A chamada Operação Lava Jato, dirigida pelo juiz de primeira instância Sérgio Moro, que há dois anos centraliza as principais investigações contra a corrupção, tem sido maculada pelo uso constante e injustificado de medidas que a legislação brasileira estabelece como excepcionais, tais como a prisão preventiva de acusados e a condução coercitiva de testemunhas. As prisões arbitrárias são abertamente justificadas como forma de pressionar os acusados e deles obter delações contra supostos cúmplices. Há um vazamento permanente e seletivo de informações dos processos para os meios de comunicação. Existem indícios de que operações policiais são combinadas com veículos de imprensa, a fim de ampliar a exposição de seus alvos. Até a Presidenta da República foi alvo de escuta telefônica ilegal. Trechos das escutas telefônicas, tanto legais quanto ilegais, foram apresentados à mídia para divulgação pública, ainda que tratassem apenas de assuntos pessoais sem qualquer relevância para a investigação, com o intuito exclusivo de constranger determinadas personalidades políticas.

As denúncias que emergem contra líderes dos partidos de oposição têm sido em grande medida desprezadas nas investigações e silenciadas nos veículos hegemônicos de mídia. Por outro lado, embora não pese qualquer denúncia contra a Presidenta Dilma Rousseff, a Operação Lava Jato tem sido usada para respaldar a tentativa de impeachment em curso na Câmara dos Deputados – que é conduzida pelo deputado Eduardo Cunha, presidente da Câmara dos Deputados e oposicionista, acusado de corrupção e investigado pelo Conselho de Ética dessa mesma casa legislativa.

Quando a forma de proceder das autoridades públicas esbarra nos direitos fundamentais dos cidadãos, atropelando regras liberais básicas de presunção de inocência, isonomia jurídica, devido processo legal, direito ao contraditório e à ampla defesa, é preciso ter cautela. A tentação de fins nobres é forte o suficiente para justificar atropelos procedimentais e aí é que reside um enorme perigo.

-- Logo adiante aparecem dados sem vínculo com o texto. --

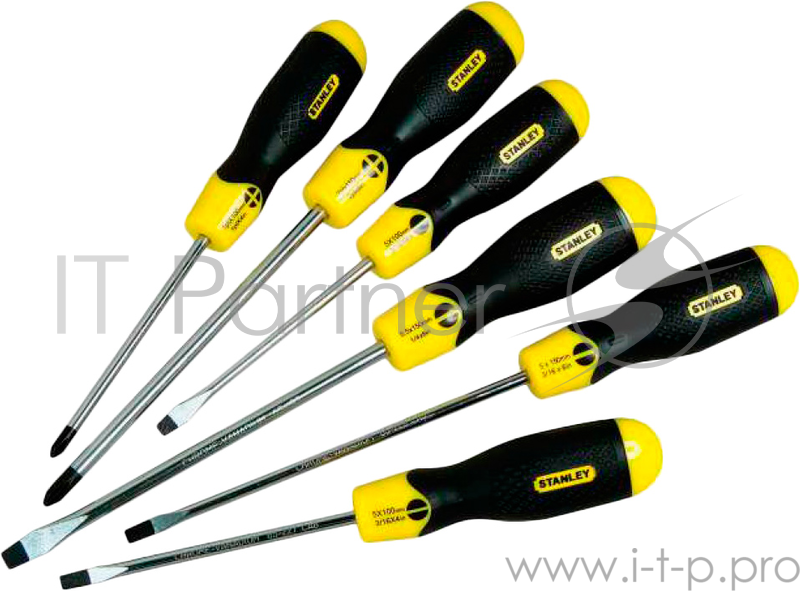 Набор отверток STANLEY 0-65-007 CUSHION GRIP 6шт.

O juiz Sérgio Moro já não possui a isenção e a imparcialidade necessárias para continuar responsável pelas investigações em curso. O combate à corrupção precisa ser feito dentro dos estritos limites da legalidade, com respeito aos direitos fundamentais dos acusados.
O risco da ruptura da legalidade, por uma associação entre setores do Poder Judiciário e de meios de comunicação historicamente alinhados com a oligarquia política brasileira, em particular a Rede Globo de Televisão – apoiadora e principal veículo de sustentação da ditadura militar (1964-1985) -, pode comprometer a democracia brasileira, levando a uma situação de polarização e de embates sem precedentes.

Por isso gostaríamos de pedir a solidariedade e o apoio da comunidade acadêmica internacional, em defesa da legalidade e das instituições democráticas no Brasil.